The exhibition takes its name from Morrison’s titular essay, in which she discusses the “literary archeology” she employed for constructing the interior lives of her characters. Known for iconic novels such as The Bluest Eye (1970), Song of Solomon (1977), and Beloved (1987), Morrison spent much of her writing career giving voice to generations of the Black community who were historically denied the opportunity. Her characters blaze to life in the pages of these works of literature.
Running through June 4, the exhibition is curated into six categories. “Beginnings” charts Morrison’s emergence as a writer and editor. “It’s interesting to think about the ways in which she was already a success, putting her stamp on the broader literary genre through some of the work she’s editing (at Random House),” said Garcon.
“Each section is an experience of Morrison’s creative process. They all can be their own thing and, in that way, what’s really exciting about it is that they are in conversation with one another. ‘Writing Time’ functions as the spine of the exhibition and is probably one of the standouts,” said Garcon. Featuring three of the author’s day planners, it’s evident that Morrison was writing whenever and wherever she could. There are handwritten notes with travel information, flight times, and work reminders.
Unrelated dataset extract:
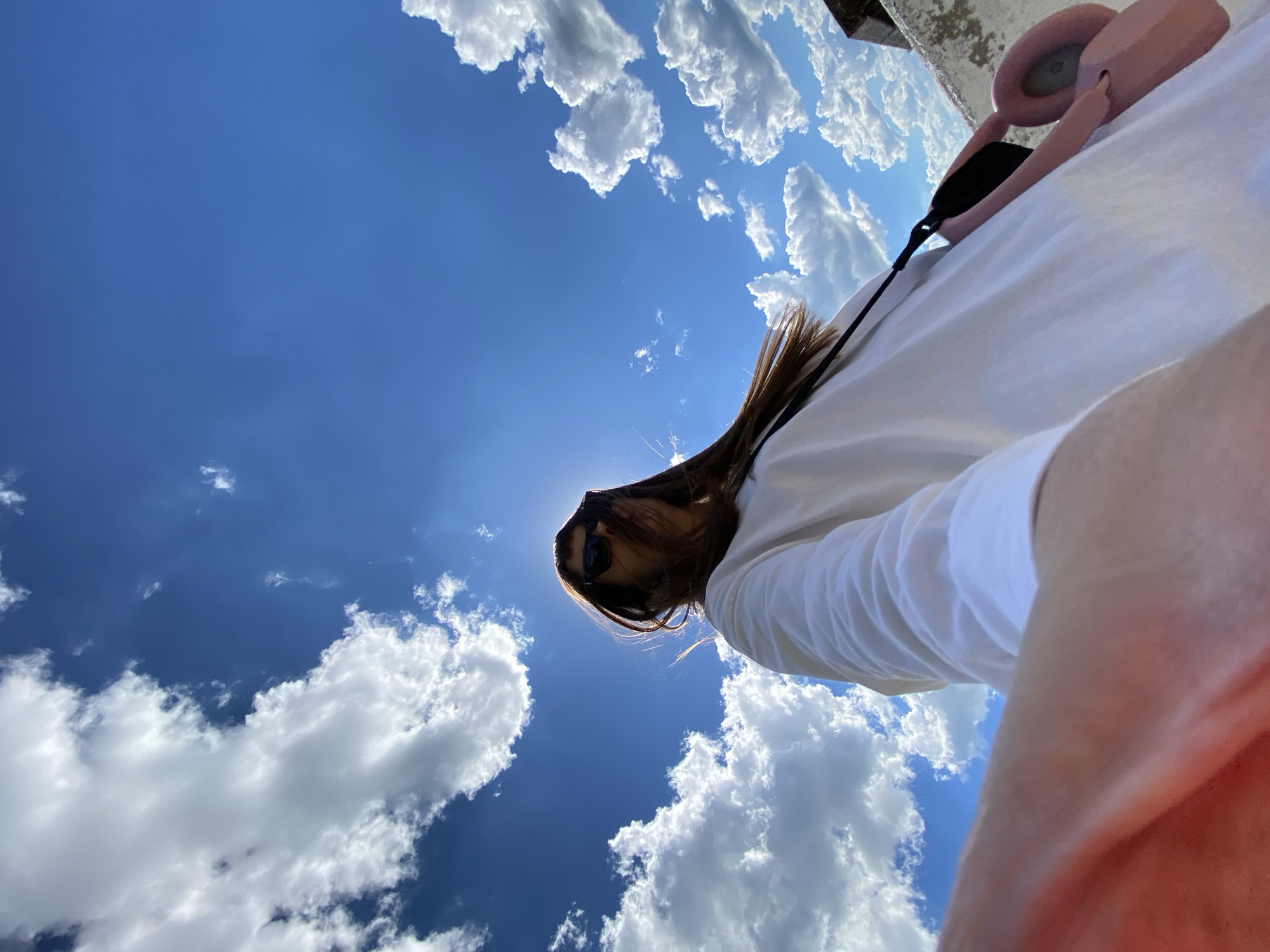 The image depicts a low-angle, wide shot of a person taking a selfie against a bright blue sky with scattered white clouds. The person, wearing a white long-sleeved shirt and sunglasses, is positioned slightly off-center, with their face mostly obscured by their long, brown hair and the glare of the sun. A pink bag with a black strap is visible over their shoulder. In the foreground, a portion of the person's arm or hand is visible, also slightly out of focus. The background shows the edge of a rooftop or ledge, appearing textured and weathered. The scene appears to be outdoors on a sunny day. The location is identified as Votkinsk, Russia, though there are no specific visual cues in the image to confirm this location.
Snippets of multiple novels she’s working on appear on the pages alongside editorial feedback for authors and a reminder to reach out to Angela Davis about a writing project.
The gem of this particular collection is the only known draft of Song of Solomon, seen in the margins of her planner. “To find what we believe is the only existing draft of Song of Solomon is particularly special and to see the ways she’s writing it alongside just living her daily life. That’s a powerful statement about the ways that people produce…not in sustained, artificial environments. The creative process can be messy and part of a larger lived experience,” said Garcon.